The registry does not log the callback error and keep the process running invisibly. The collection loop terminates the PTY session, removes the process from the registry, and makes wait() reject with the callback error.

The behavior is intentionally sharp:

process emits output
callback throws
Kalahari interrupts and closes the PTY session
the process leaves the registry
wait() rejects
killProcess(pid) returns false after cleanup

That is better than leaving a process alive after its only registered observer failed.

Zygote Boundaries Need Clean Ownership

Zygotes are where loose lifecycle rules become dangerous.

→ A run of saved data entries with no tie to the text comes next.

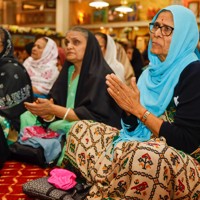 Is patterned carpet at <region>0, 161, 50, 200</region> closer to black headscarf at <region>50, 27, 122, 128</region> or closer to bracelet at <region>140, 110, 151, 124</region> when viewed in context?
black headscarf at <region>50, 27, 122, 128</region>

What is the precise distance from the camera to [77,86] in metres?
3.07

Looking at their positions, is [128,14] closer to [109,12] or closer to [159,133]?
[109,12]

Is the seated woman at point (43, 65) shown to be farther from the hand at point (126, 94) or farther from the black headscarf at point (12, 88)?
the hand at point (126, 94)

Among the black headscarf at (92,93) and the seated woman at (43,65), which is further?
the seated woman at (43,65)

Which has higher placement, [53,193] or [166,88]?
[166,88]

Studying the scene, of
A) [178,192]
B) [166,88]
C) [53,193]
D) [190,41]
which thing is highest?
[190,41]

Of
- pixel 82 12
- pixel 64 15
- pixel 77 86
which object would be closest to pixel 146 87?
pixel 77 86

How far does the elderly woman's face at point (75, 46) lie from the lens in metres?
3.11

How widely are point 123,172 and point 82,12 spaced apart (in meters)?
12.4

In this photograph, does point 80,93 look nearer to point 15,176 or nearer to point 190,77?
point 15,176

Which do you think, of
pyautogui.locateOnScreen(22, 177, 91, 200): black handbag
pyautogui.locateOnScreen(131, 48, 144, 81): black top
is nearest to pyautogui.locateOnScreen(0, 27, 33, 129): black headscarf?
pyautogui.locateOnScreen(22, 177, 91, 200): black handbag

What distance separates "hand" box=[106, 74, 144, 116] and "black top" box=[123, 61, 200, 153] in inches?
6.9

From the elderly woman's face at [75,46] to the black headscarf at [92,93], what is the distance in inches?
1.6

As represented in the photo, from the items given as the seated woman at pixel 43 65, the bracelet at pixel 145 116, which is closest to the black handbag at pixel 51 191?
the bracelet at pixel 145 116
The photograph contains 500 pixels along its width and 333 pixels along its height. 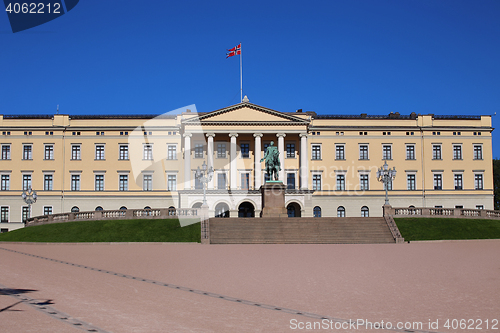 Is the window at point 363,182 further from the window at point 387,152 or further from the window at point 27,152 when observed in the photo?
the window at point 27,152

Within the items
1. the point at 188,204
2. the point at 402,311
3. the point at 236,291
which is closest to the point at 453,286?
A: the point at 402,311

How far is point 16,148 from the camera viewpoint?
70.2 meters

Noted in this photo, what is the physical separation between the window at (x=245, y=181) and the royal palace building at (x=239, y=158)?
5.4 inches

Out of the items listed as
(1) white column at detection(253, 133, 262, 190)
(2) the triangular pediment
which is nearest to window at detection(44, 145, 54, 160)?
(2) the triangular pediment

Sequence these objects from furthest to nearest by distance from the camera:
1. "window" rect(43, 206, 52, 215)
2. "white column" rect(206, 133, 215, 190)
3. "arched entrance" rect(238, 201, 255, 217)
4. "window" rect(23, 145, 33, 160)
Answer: "window" rect(23, 145, 33, 160) < "window" rect(43, 206, 52, 215) < "arched entrance" rect(238, 201, 255, 217) < "white column" rect(206, 133, 215, 190)

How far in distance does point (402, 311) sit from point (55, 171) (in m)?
65.7

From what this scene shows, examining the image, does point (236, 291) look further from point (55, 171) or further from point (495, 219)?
point (55, 171)

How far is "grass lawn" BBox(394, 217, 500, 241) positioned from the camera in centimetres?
4247

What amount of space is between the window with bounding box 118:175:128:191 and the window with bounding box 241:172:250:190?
16.1 m

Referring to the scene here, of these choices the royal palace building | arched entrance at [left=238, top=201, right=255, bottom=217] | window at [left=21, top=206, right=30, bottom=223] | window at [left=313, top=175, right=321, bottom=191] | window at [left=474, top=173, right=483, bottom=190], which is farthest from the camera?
window at [left=474, top=173, right=483, bottom=190]

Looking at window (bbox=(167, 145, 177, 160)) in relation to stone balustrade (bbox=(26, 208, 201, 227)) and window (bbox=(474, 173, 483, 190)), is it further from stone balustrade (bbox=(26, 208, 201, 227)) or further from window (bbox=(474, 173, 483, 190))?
→ window (bbox=(474, 173, 483, 190))

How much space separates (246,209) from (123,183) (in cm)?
1752

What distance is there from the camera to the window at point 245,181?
230 ft

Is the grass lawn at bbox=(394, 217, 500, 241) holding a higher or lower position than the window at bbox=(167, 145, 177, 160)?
lower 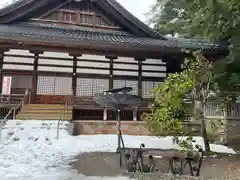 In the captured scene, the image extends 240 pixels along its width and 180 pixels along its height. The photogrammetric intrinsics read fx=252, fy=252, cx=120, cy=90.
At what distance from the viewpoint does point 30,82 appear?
46.5ft

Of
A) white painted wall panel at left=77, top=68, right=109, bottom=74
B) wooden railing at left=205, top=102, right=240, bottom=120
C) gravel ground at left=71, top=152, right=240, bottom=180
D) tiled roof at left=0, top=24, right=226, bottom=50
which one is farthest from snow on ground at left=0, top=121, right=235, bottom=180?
white painted wall panel at left=77, top=68, right=109, bottom=74

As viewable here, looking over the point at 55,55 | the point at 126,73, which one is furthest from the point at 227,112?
the point at 55,55

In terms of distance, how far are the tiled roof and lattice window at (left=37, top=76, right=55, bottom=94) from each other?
2.58 meters

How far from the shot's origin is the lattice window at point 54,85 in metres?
14.2

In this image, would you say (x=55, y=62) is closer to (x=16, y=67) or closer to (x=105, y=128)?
(x=16, y=67)

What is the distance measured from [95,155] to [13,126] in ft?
13.8

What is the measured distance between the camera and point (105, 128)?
11953 mm

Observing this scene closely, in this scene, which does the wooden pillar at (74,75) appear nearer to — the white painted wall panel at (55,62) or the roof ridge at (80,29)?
the white painted wall panel at (55,62)

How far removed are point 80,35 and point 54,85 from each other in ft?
10.5

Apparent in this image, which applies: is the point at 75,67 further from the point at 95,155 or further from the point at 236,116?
the point at 236,116

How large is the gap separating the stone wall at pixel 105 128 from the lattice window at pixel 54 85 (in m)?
3.33

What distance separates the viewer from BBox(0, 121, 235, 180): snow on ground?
5911mm

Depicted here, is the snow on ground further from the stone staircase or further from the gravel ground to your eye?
the stone staircase

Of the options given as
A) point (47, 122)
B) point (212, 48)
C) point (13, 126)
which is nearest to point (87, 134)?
point (47, 122) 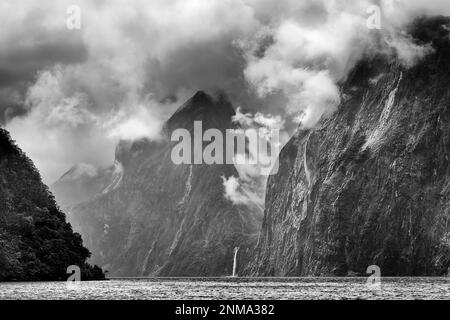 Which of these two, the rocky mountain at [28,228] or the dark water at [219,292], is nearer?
the dark water at [219,292]

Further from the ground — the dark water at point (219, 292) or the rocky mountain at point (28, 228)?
the rocky mountain at point (28, 228)

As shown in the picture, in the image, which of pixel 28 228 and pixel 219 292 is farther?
pixel 28 228

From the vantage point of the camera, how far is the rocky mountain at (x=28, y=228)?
12938cm

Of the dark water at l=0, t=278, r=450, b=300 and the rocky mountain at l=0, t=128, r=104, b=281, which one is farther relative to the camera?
the rocky mountain at l=0, t=128, r=104, b=281

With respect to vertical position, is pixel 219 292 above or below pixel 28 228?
below

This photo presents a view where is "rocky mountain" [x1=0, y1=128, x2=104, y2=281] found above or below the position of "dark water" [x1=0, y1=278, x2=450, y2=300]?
above

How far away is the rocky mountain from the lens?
129 m

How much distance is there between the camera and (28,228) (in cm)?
13288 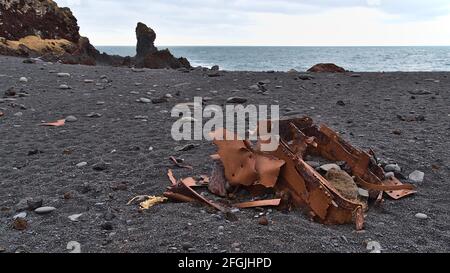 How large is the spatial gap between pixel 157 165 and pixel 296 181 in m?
1.88

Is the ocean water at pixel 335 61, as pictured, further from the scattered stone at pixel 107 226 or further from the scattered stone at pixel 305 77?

When a sandbox becomes a zygote, the parent sandbox is consumed. Children spawned from the zygote need a coherent container init process, but they must not inherit arbitrary user-visible PTYs or process handles with host-side output, stdin, or resize state in flight.

Kalahari enforces that at two layers.

At the TypeScript layer, sandbox.zygote() rejects while the process registry has active process handles. At the native runtime layer, zygote creation also rejects while PTY sessions are active. That catches lower-level createPty() users and compatibility paths that are not represented as normal Kalahari process records.

The init process is the special case because Kalahari owns it. Before freezing, the native actor drops the visible init output streams and repeatedly attempts to convert init into reattachable scheduler state. If stdout or stderr was already in transient host channels, it waits briefly for that state to drain. On success, the zygote stores the init handle. Each spawned child attaches that handle during its first run and resumes with a live init process.

User process handles do not cross that boundary:

const shell = await sandbox.startShell('cat');

await sandbox.zygote(); // rejects while shell is active

await shell.kill();
await shell.wait(); // rejects because the process was terminated

The boundary is strict because a zygote is a template. It cannot contain host-owned leftovers from a parent that no longer exists as a running sandbox.

Destroy Is Cancellation, Not Success

Sandbox destruction has its own lifecycle rule: cleanup should be idempotent, but user-facing waits should remain truthful.

KalahariSandbox.destroy() asks the existing process registry to close all active processes before destroying the native sandbox. Closing an already-finished PTY is tolerated during cleanup. A process that is being waited on, however, should not resolve as exitCode: 0 just because destruction closed its session.

So termination records an error, closes the PTY, deletes the registry entry, and causes in-flight or later wait() calls on that handle to reject. The cleanup path can be forgiving without turning cancellation into a successful command result.

The API Is Boring Because the Scheduler Is Precise

The public surface stays small:

const task = await sandbox.startProcess('node', {
  args: ['worker.js'],
  cwd: '/workspace',
  onStdout: (chunk) => console.log(chunk),
});

await task.sendStdin('status\n');
const result = await task.wait();

Behind that are parked VM runs, epoch attachments, reattachable command handles, output backpressure, callback failures, registry ownership, PTY cleanup, zygote conversion, and sandbox destruction.

That complexity belongs below the API. Kalahari users should not need to know whether a command survived a parked VM run or whether an E2B-compatible wrapper created the handle. They should get one coherent process lifecycle.

The lesson is that a sandbox SDK cannot paper over scheduler ambiguity. If the VM lifecycle is precise, the product API can be ordinary.